Sounds reasonable to make the useshrplib to default to false (because of the significant startup slowness otherwise) and at the very least make it conditional (and I got a nod from Ed Moy of Apple, too). So I did (change #19681).
Thank you.
How about the -prebind flags et alia? Should they be made default, too?
I think we should but the biggest problem on slow startup was primarily libperl.dylib (too may symbols for fix_prebinding daemon to tweak). I am now working on benchmarking the difference but even without -prebind flag the launch speed increase was significant.
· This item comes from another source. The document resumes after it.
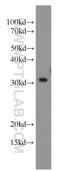 hMed6 antibody, 15338-1-AP, Proteintech Group, Western Blot image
One more caution if we want to make -prebind a default is here.
hints/darwin.sh
122:case "$osvers" in
123:1.[0-3].*)
124: lddlflags="${ldflags} -bundle -undefined suppress"
125: ;;
126:1.*)
127: ldflags="${ldflags} -flat_namespace"
128: lddlflags="${ldflags} -bundle -undefined suppress"
129: ;;
130:[2-6].*)
131: ldflags="${ldflags} -flat_namespace"
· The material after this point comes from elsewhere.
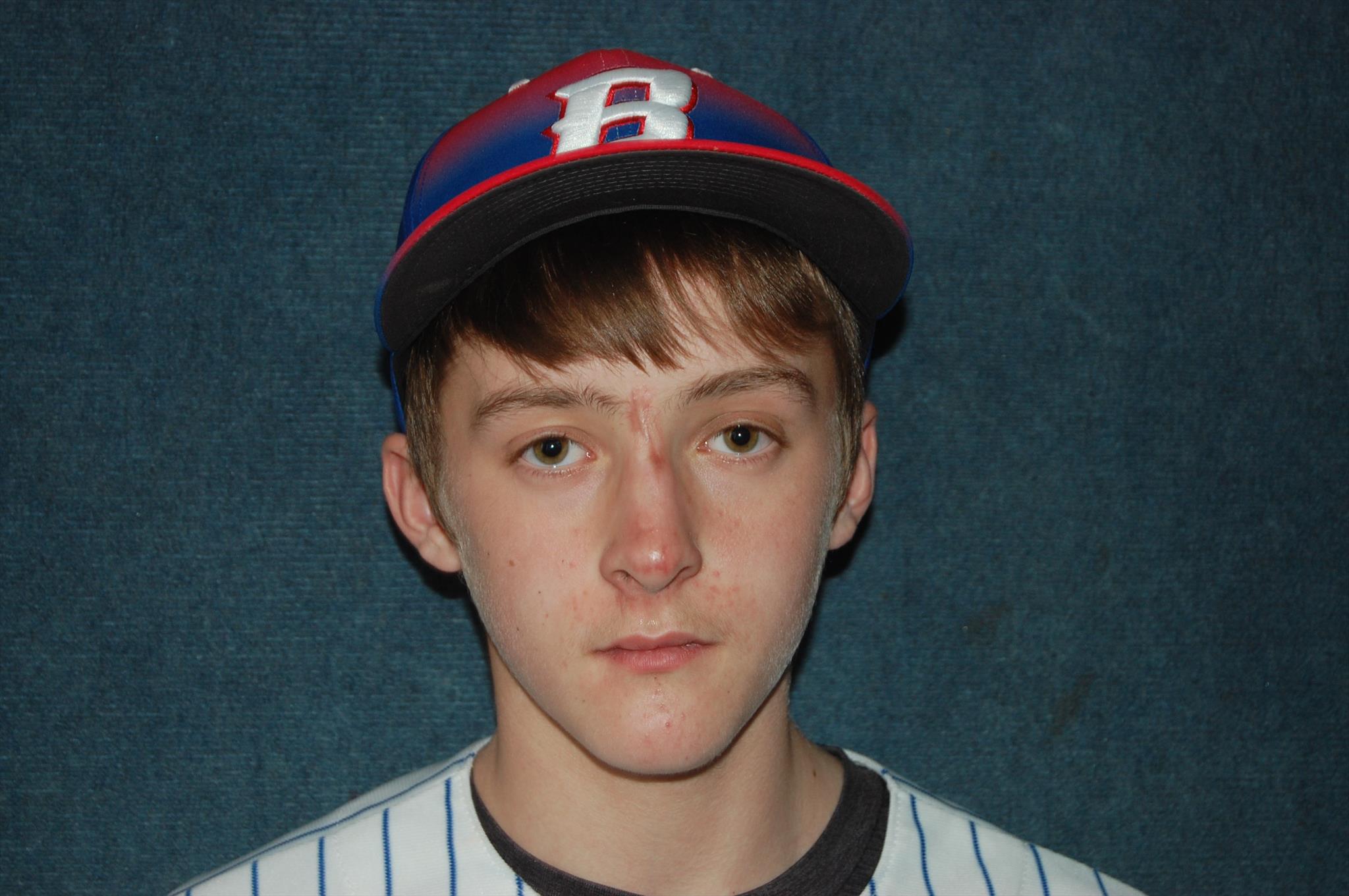 Braden Krise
132: lddlflags="${ldflags} -bundle -undefined suppress"
133: ;;
134:*) lddlflags="${ldflags} -bundle -undefined dynamic_lookup"
135: case "$ld" in
136: *MACOSX_DEVELOPMENT_TARGET*) ;;
137: *) ld="MACOSX_DEPLOYMENT_TARGET=10.3 ${ld}" ;;
138: esac
139: ;;
140:esacAs you see ${ldflags} is injected into $lddlflags but in case of -prebind we need to avoid that. $ldflags is for perl linking while $lddlflags is for XS. Since -prebind and -bundle are mutually exclusive, we do not want -prebind in $lddlflags (though CC on darwin is smart enough to ignore -prebind when -bundle, it still issues warnings and I don't want to see that warning for each XS gets built).